- Tear staining occurs when the cat's eyes water continuously. As the tears fall down the cat's face, they can combine with bacteria on the cat's fur and then dry to a reddish brown or pink crust. While tear staining is typically cosmetic and harmless on its own, it can indicate issues that are harmful to your cat.
- There are many things that may cause tear staining in a cat. The cat's eye might not be draining well, or it might have abnormally small duct openings. Or the cat's tear duct system might be inflamed, which leads to overenthusiastic tear production. Very rarely, the tears may be a result of a foreign body lodged within the cat's tear duct.
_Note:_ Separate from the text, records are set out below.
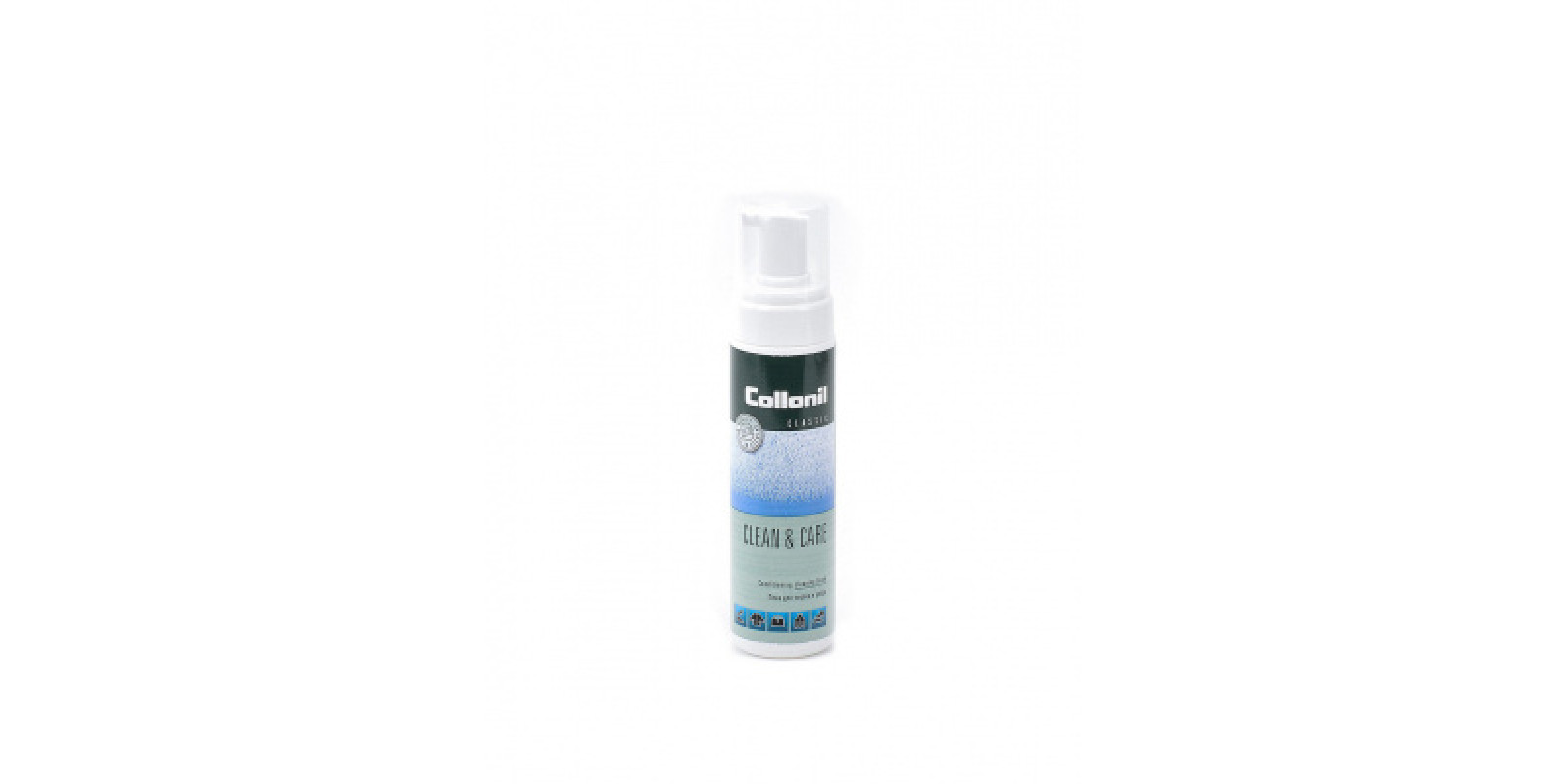Пена для чистки обуви Collonil Clean&Care, 200 мл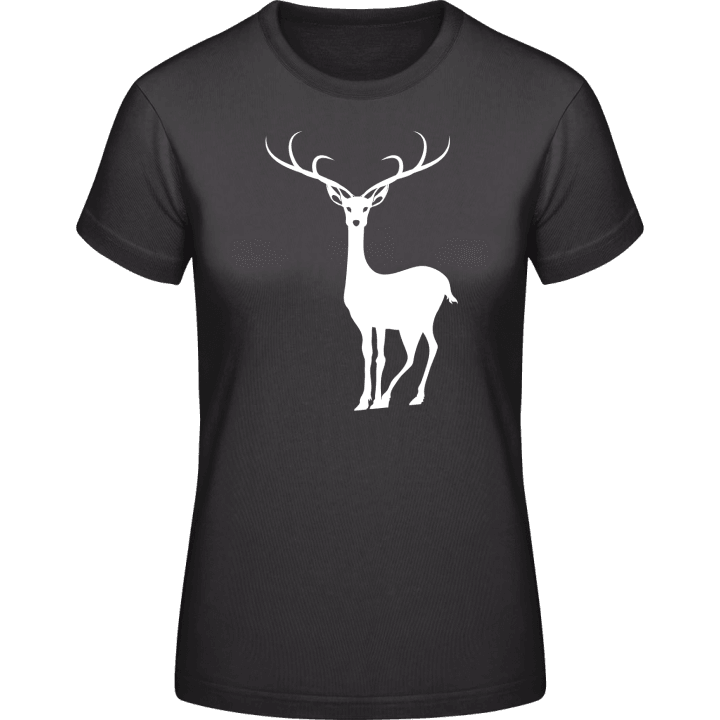 Deer Illustration Vrouwen T-shirt 0 image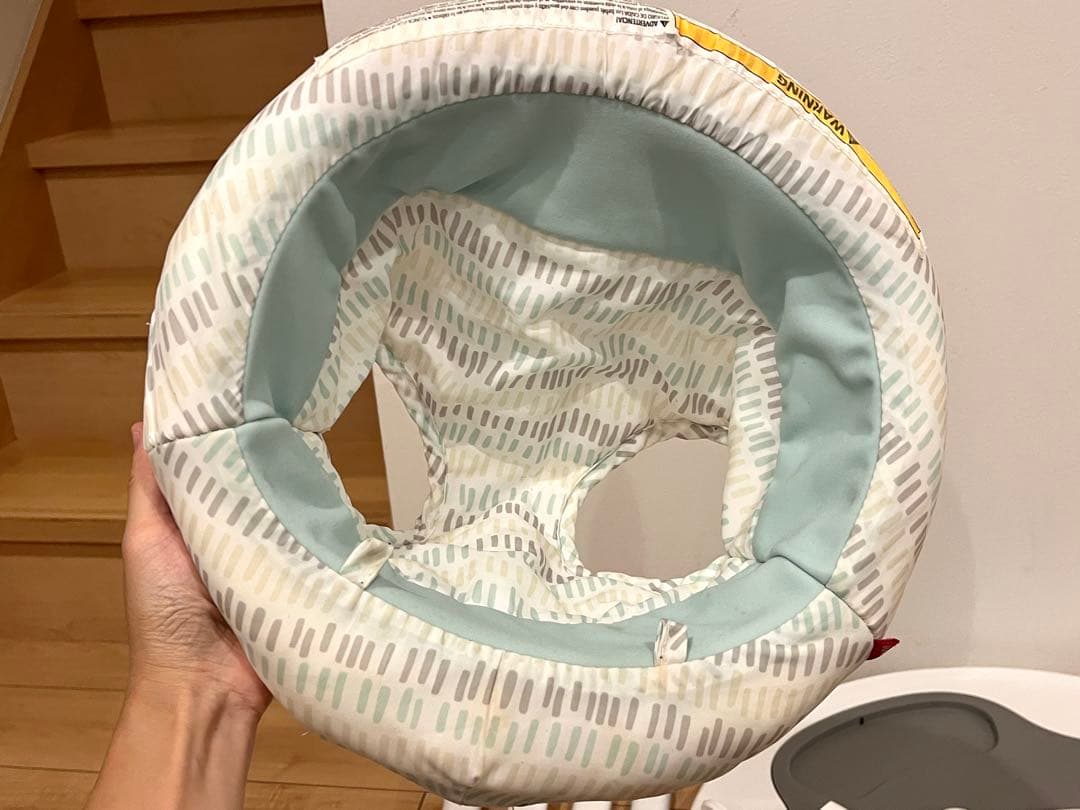 SKIP HOP スキップホップ　アクティビティセンター　シルバー　3ステージ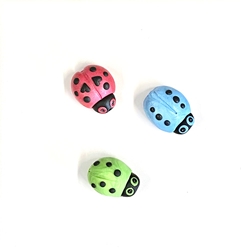Ladybug Polymer Bead Making Kit 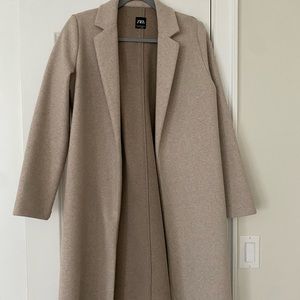 Zara Tan coat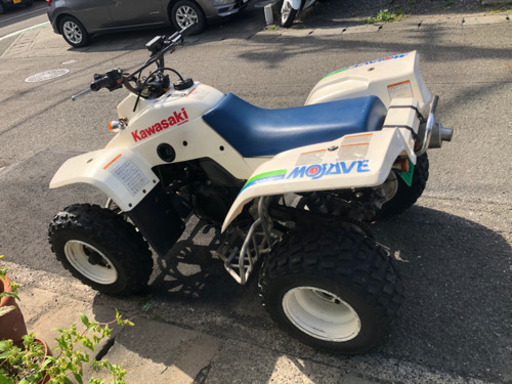 小型特殊　カワサキ　四輪バギー　ATV  ２５０cc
- Tear overflow and the resulting dry crust that appears on the cat's face can cause some issues for the cat over time. The area around the eye may come to be irritated by the crust, and this can lead to an infection or skin lesions. Any signs of infection should be examined by a veterinarian.
- In cases where the issue is caused by a malformation of the tear duct or where the structure of the eyelid is preventing good drainage, surgery may correct this issue. Because the cat's fur can act as a wick, leading to more tears on the cat's face, you may choose to trim back the cat's facial hair. Trimming back the hair will help keep the area clean and reduce the tears that end up on the cat's face. The veterinarian also may prescribe an antibiotic ointment to help heal irritated skin underneath the tear stains.
- To prevent tear staining in a cat, check the cat's eyes on a regular basis and, when necessary, clip back the longer hairs near the cat's face. You may also ask your veterinarian to recommend a product that will help remove the tear staining if your cat turns out to be prone to this problem.